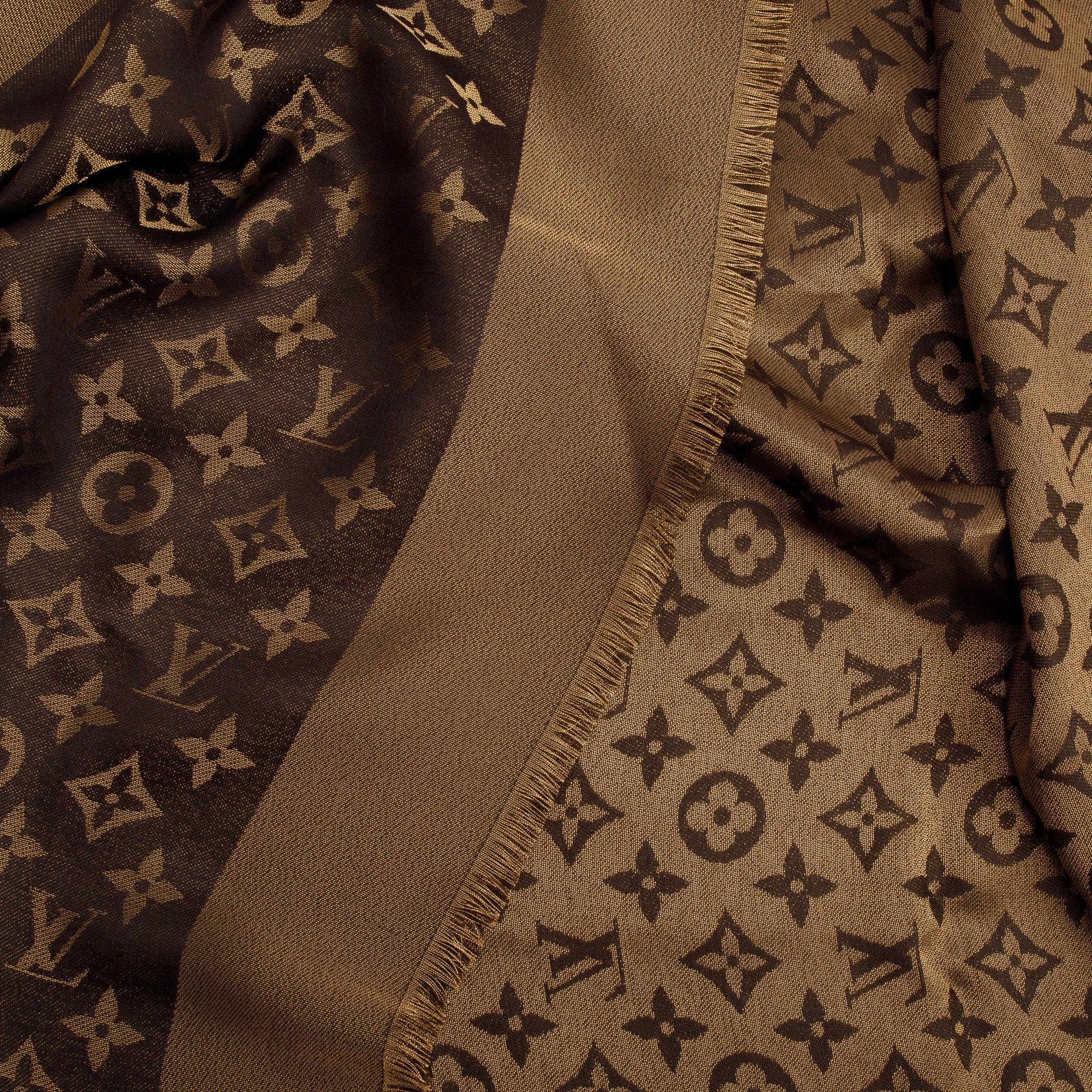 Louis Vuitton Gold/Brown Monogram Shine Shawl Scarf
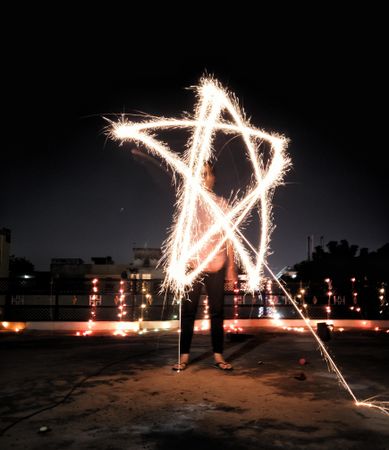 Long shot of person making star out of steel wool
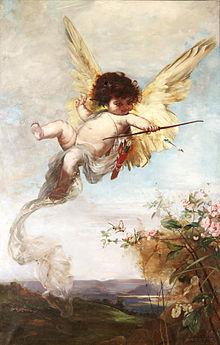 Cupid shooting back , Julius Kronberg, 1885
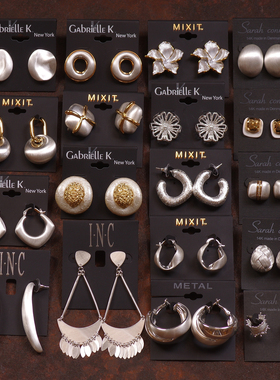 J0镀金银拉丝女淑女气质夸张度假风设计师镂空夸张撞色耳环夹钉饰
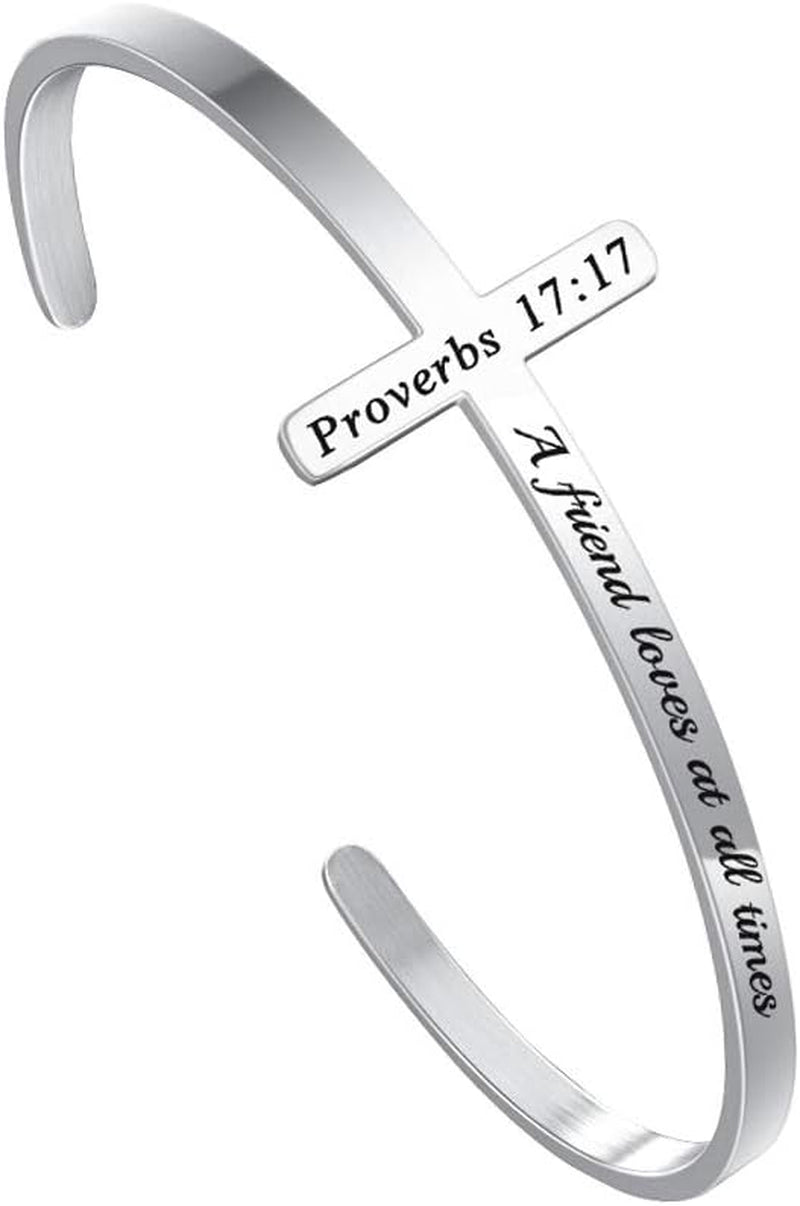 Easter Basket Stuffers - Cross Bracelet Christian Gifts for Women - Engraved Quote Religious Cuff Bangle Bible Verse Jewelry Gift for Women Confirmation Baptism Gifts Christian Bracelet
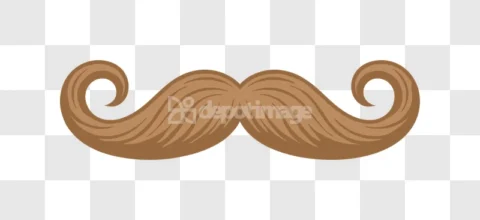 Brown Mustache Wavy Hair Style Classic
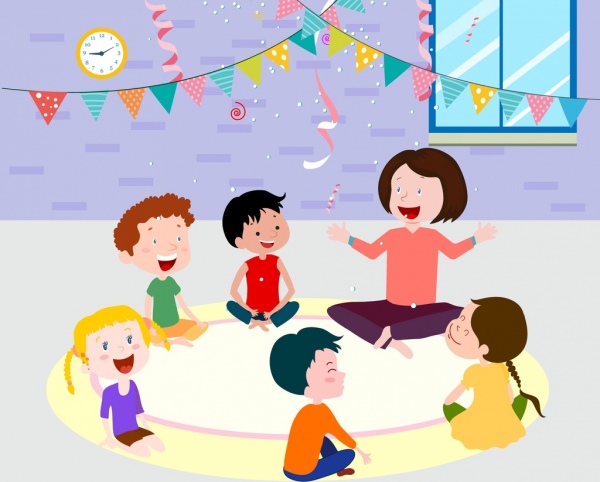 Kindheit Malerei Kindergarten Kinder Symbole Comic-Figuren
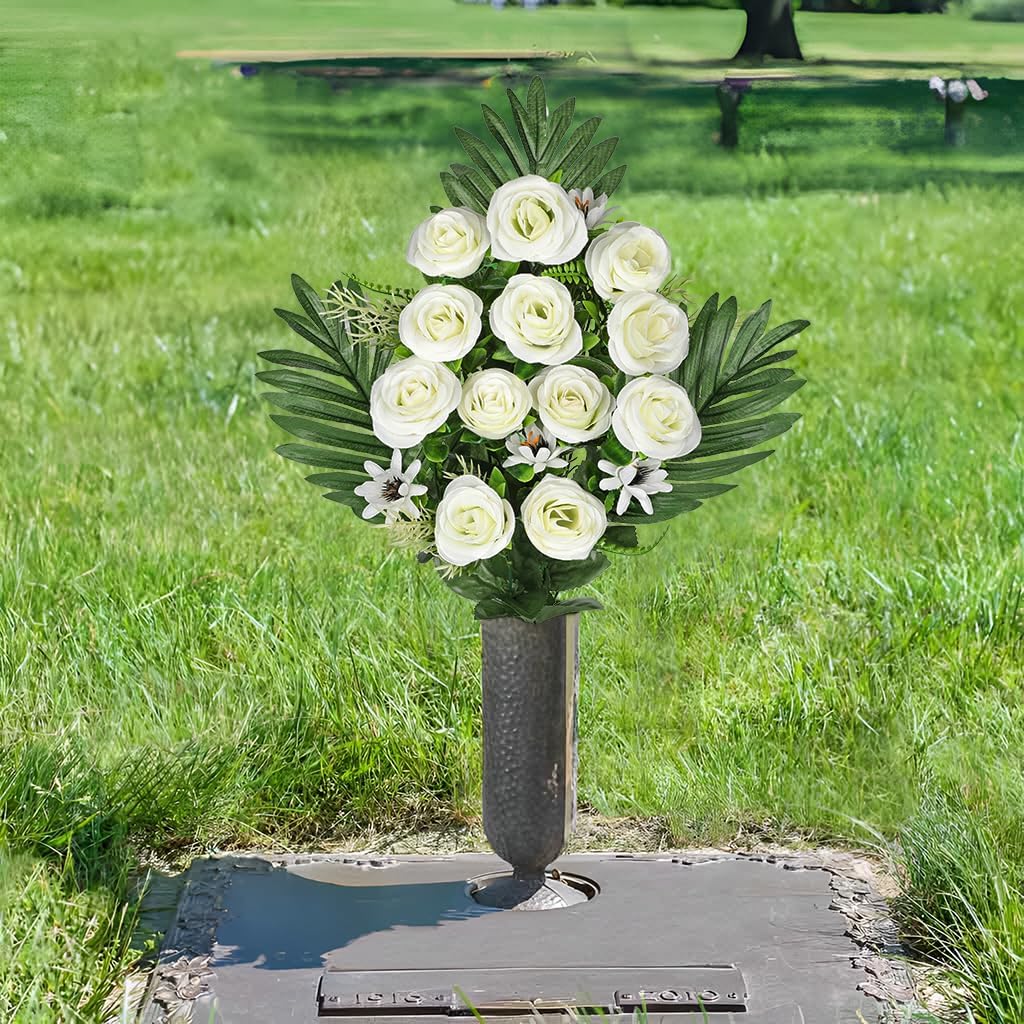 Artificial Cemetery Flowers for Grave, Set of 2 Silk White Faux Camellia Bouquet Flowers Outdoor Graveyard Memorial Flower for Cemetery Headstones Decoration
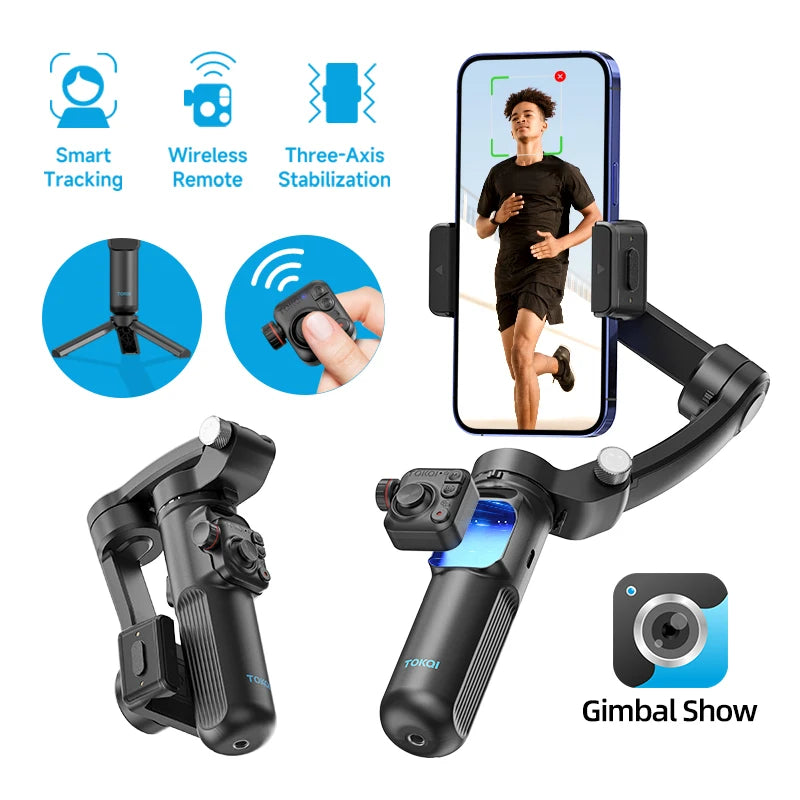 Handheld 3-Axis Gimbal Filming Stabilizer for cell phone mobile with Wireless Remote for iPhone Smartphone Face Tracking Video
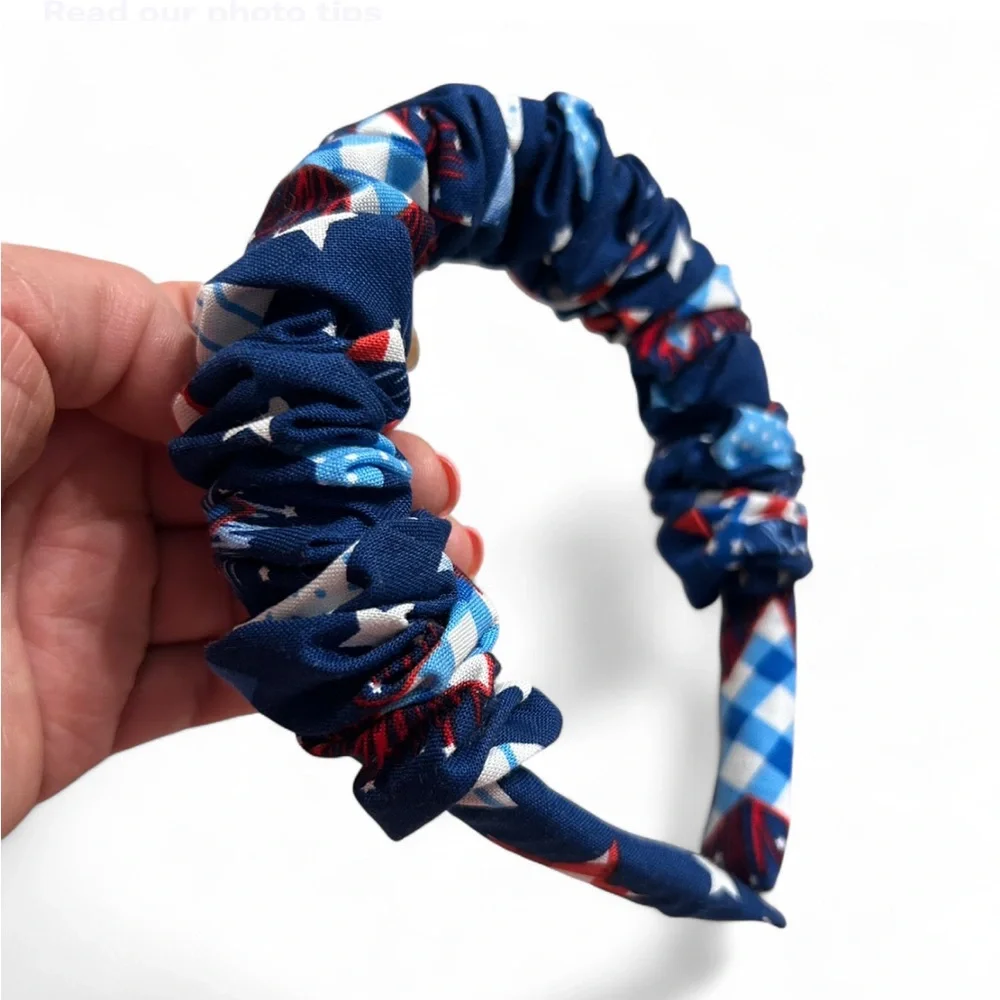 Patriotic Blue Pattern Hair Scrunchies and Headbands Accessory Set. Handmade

§ PROBLEM TO WORK ON
An exact copy of all the data above is required; omit any pictures.

§ SOLUTION
 Louis Vuitton Gold/Brown Monogram Shine Shawl Scarf
 Long shot of person making star out of steel wool
 Cupid shooting back , Julius Kronberg, 1885
 J0镀金银拉丝女淑女气质夸张度假风设计师镂空夸张撞色耳环夹钉饰
 Easter Basket Stuffers - Cross Bracelet Christian Gifts for Women - Engraved Quote Religious Cuff Bangle Bible Verse Jewelry Gift for Women Confirmation Baptism Gifts Christian Bracelet
 Brown Mustache Wavy Hair Style Classic
 Kindheit Malerei Kindergarten Kinder Symbole Comic-Figuren
 Artificial Cemetery Flowers for Grave, Set of 2 Silk White Faux Camellia Bouquet Flowers Outdoor Graveyard Memorial Flower for Cemetery Headstones Decoration
 Handheld 3-Axis Gimbal Filming Stabilizer for cell phone mobile with Wireless Remote for iPhone Smartphone Face Tracking Video
 Patriotic Blue Pattern Hair Scrunchies and Headbands Accessory Set. Handmade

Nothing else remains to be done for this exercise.